The director of the Pediatric Epilepsy Center at UCSF Benioff Children’s Hospital discussed the efficacy profile of ZX008, for which Zogenix recently submitted a new drug application to the FDA for the treatment of Dravet syndrome.
“The efficacy speaks for itself, all of these drugs are going to have a side effect profile, but the side effect profile that we saw in the phase 3 programs and that has been confirmed in the open-label extension has shown that it’s a safe and well-tolerated drug.”

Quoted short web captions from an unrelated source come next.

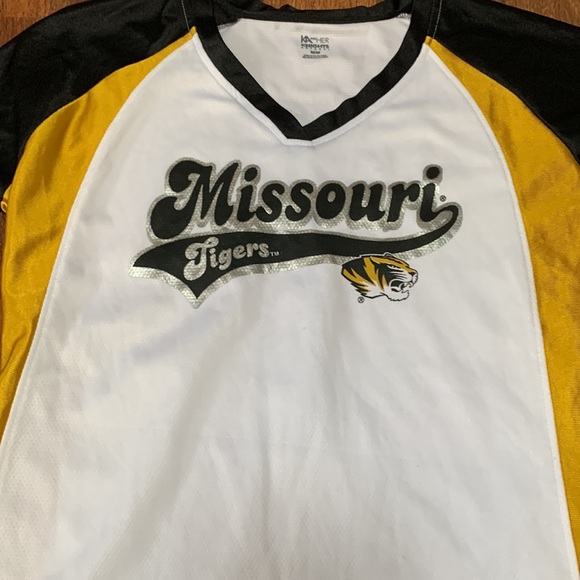 Gifted: Knight’s Apparel Missouri Tigers poly jersey szM - Picture 2 of 5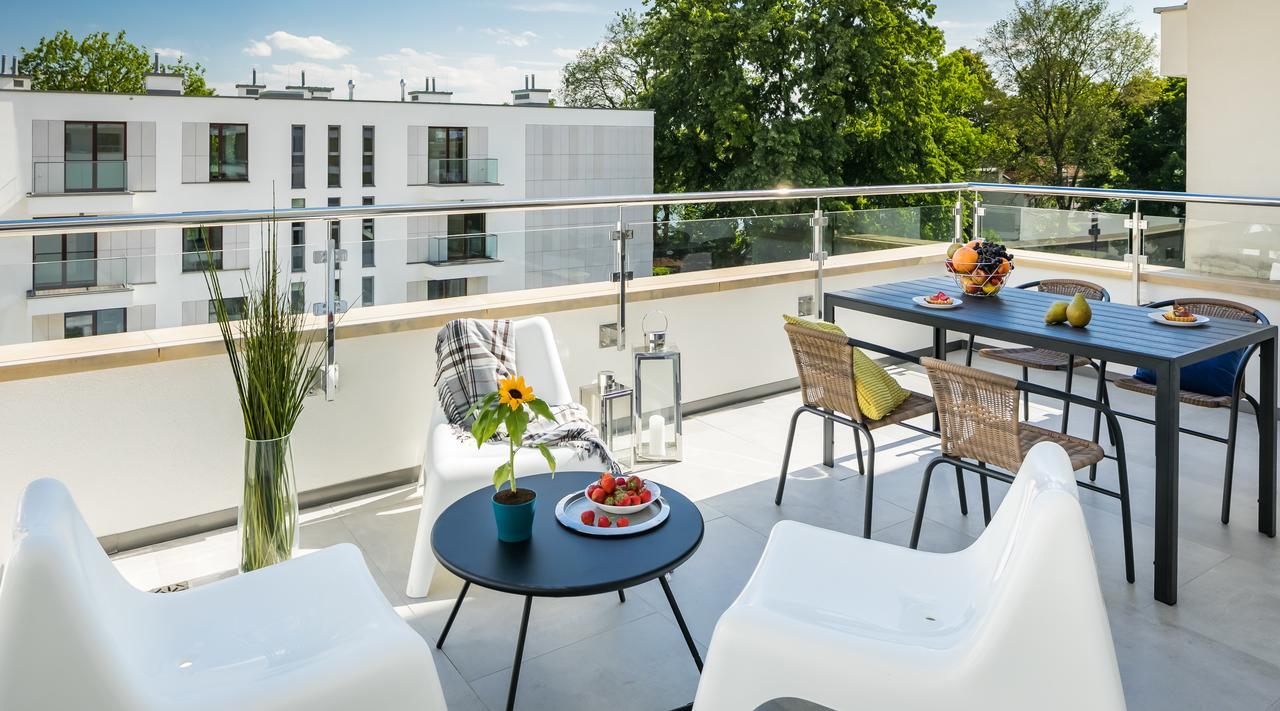 Vistula Boutique Exclusive Apartments 克拉科夫 外观 照片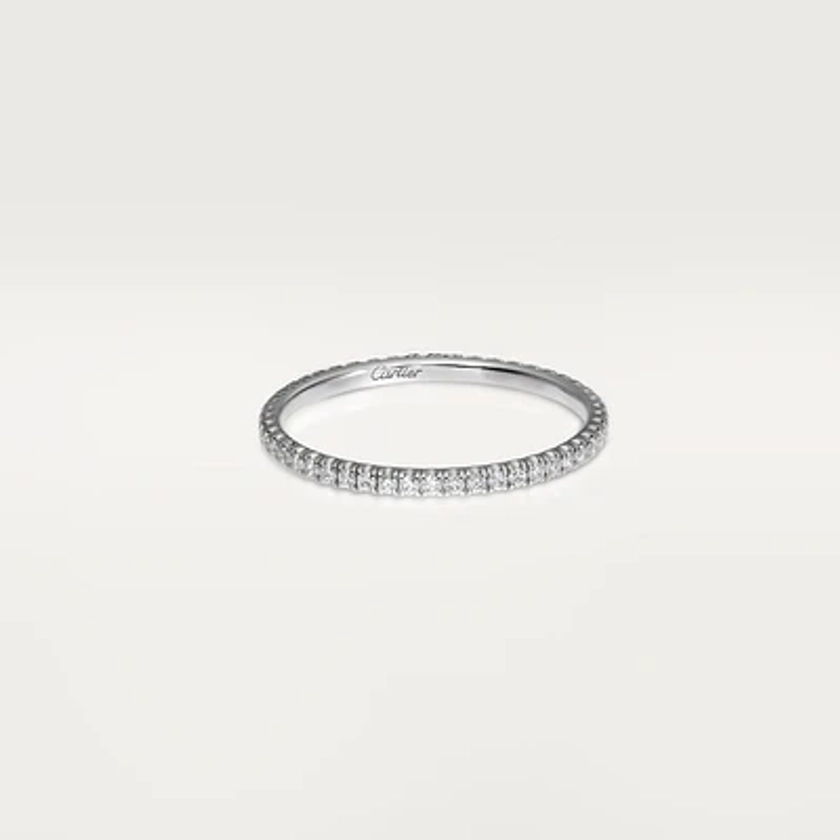 CRB4210400 - Alliance Etincelle de Cartier - Or gris, diamants - Cartier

Zogenix recently submitted a new drug application (NDA) to the FDA for ZX008 (Fintepla), its investigational low-dose fenfluramine agent for the treatment of seizures associated with Dravet syndrome. The NDA is based by data from 2 phase 3 trials and interim data from the ongoing open-label extension study.
At the American Epilepsy Society’s 2018 annual meeting in New Orleans, Louisiana, Joseph Sullivan MD, director of the Pediatric Epilepsy Center at UCSF’s Benioff Children’s Hospital and an investigator in ZX008’s clinical development program, sat down with NeurologyLive in an interview to discuss the treatment’s efficacy profile.
Sullivan explains that the efficacy speaks for itself and that while every agent will have a side effect profile, overall, ZX008 has been shown to be a safe and well-tolerated drug.